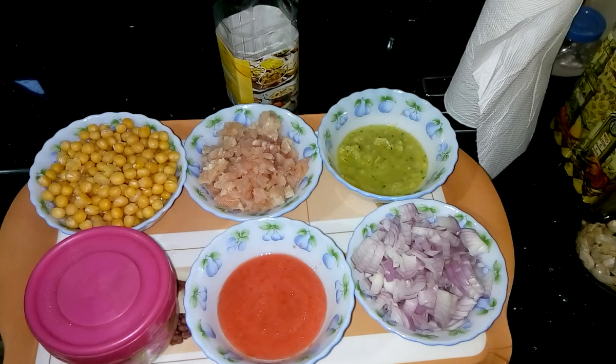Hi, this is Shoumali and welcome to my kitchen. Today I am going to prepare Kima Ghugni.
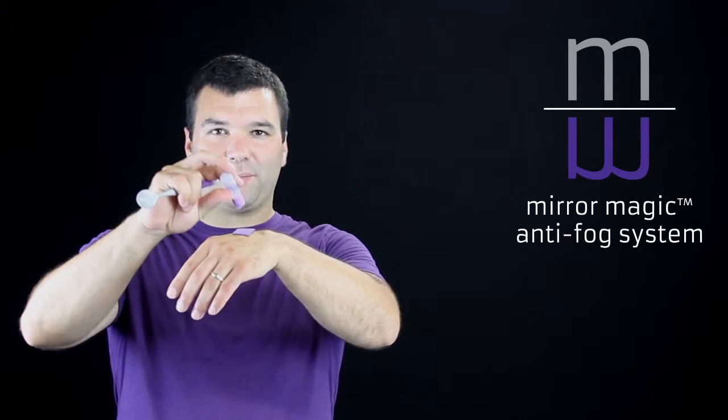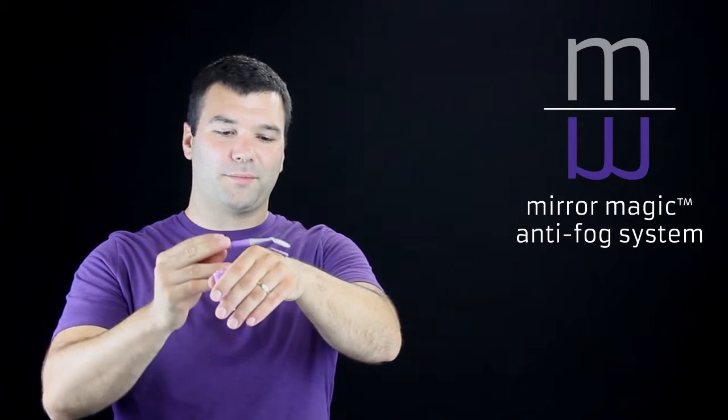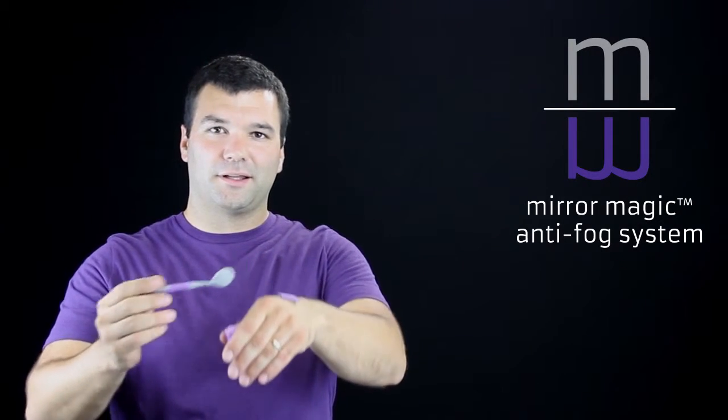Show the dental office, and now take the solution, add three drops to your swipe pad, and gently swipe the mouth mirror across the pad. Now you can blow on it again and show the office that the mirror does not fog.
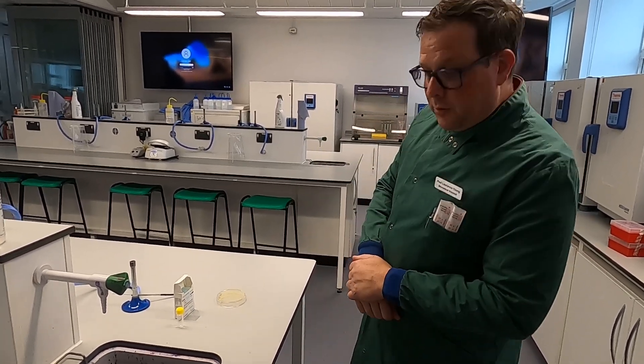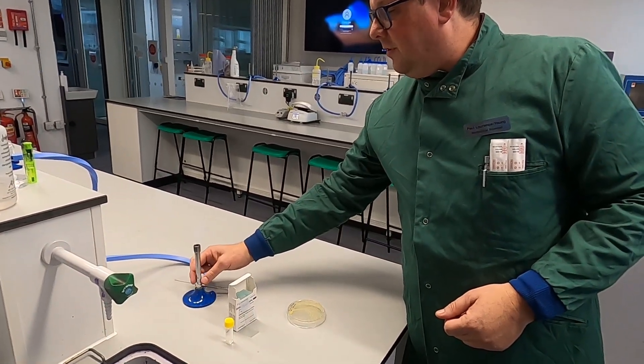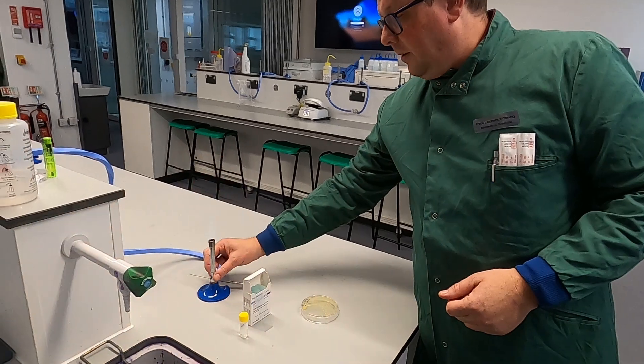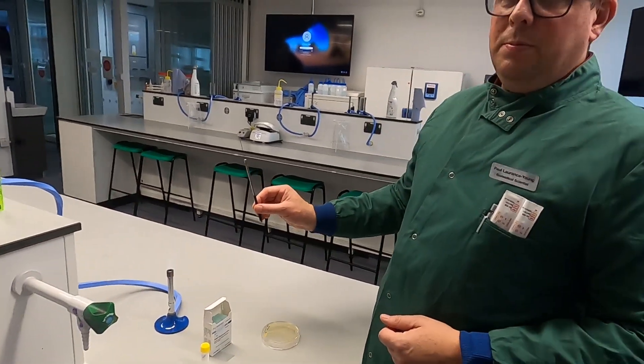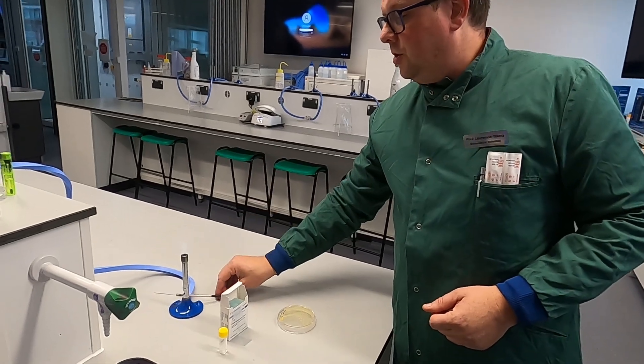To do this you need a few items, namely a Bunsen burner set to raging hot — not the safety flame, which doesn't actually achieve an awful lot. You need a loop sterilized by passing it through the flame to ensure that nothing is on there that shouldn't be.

__What the task requires__: Your reply should contain only an exact copy of the lines from the beginning of the material through the line with "Show the dental", both ends included, with the pictures removed.

__Output for this exercise__:
Hi, this is Shoumali and welcome to my kitchen. Today I am going to prepare Kima Ghugni.
Show the dental office, and now take the solution, add three drops to your swipe pad, and gently swipe the mouth mirror across the pad. Now you can blow on it again and show the office that the mirror does not fog.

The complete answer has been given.